In this study, environmental factors were classified based on the details described in the records for accident compensation approval. The classifications included ‘hull and fishing environment’, ‘fishing gear and fishing equipment’, ‘vessel machinery and equipment’, ‘weather and external marine environment’, and ‘other’ (Figure 3).

“Hull and fishing environment” include accidents due to a slippery floor, small spaces, or obstacles to movement in the hull or the fishing (working) environment. “Fishing gear and fishing equipment” include accidents due to all equipment used for fishing activities, including not only the fishing gear used directly for fishing itself, such as the fishing net and rope, but also the equipment used to move the gear to and from the sea, such as the caster and hauler. “Weather and external marine environment” include accidents due to external factors, such as poor weather, large waves, and strong currents, while “other” refers to accidents where the environmental factors were uncertain.

While there were some variations in the results, consistent trends for accidents due to similar environmental factors were generally observed. Particularly noteworthy was the finding that the most common environmental factor causing accidents across all 5 years of the study was ‘fishing gear and fishing equipment’ (352 cases, 32.21%).

Most loss-of-life accidents due to fishing gear and equipment involved part of the body, such as a hand or foot, getting caught in fishing equipment used for moving the gear to and from the sea, such as a caster or hauler. There were also accidents of various other forms, such as injury due to sudden snapping or breakage of gear under tension, or being knocked over by equipment moving on the deck.

The second-most common environmental factors in industrial accidents were the “hull and fishing environment”. Most of the accidents due to the hull and fishing environment were slips or falls on a slippery deck, but there were also many accidents involving collisions with hull structures or falls due to narrow spaces or poor weather.

The “other” category included accidents caused by various environmental factors, but most common were impact accidents due to ship collisions. Other accident types included pain due to repeated movements or the use of excessive force, and injuries or disease due to enduring persistent or sporadic pain.
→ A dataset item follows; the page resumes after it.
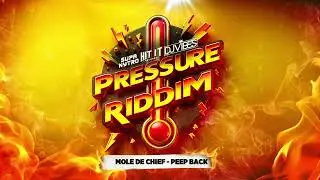 Mole De Chief - Peep Back (Pressure Riddim) | Crop Over 2024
Because our study focused on small fishing vessels, there were a large number of accidents in the “weather and external marine environment” category due to the swaying of the ship in poor weather, such as strong winds and high waves. There were also many accidents caused by swaying in the wake of nearby large vessels.

3.1.6. Accident Types

In the insurance payment approval records, the type of accident is recorded in accordance with a code for the occurrence of industrial accidents [9]. The accident-type codes for small, commercial, coastal fishing vessels of <12 m in length include “trip/slip”, “stuck (e.g., caster or hauler)”, “bump/hit (e.g., fishing gear)”, “fall (e.g., fishing port or overboard)”, “collapse (e.g., fishing gear)”, “crushing”, “unnatural posture (e.g., repeatedly in the same posture)”, “exposure to abnormal temperatures (e.g., long-term exposure to sunlight)”, “exposure to chemicals”, “disease (e.g., working for long durations in a fishery)”, and “other” [9]. Of these, vessel collision/sinking during vessel operations was classified as a “maritime accident”, while industrial accidents occurring in each fishing process, other than maritime accidents and disease, were categorized as safety incidents, and the most frequent types of industrial accidents were further classified (Table 6).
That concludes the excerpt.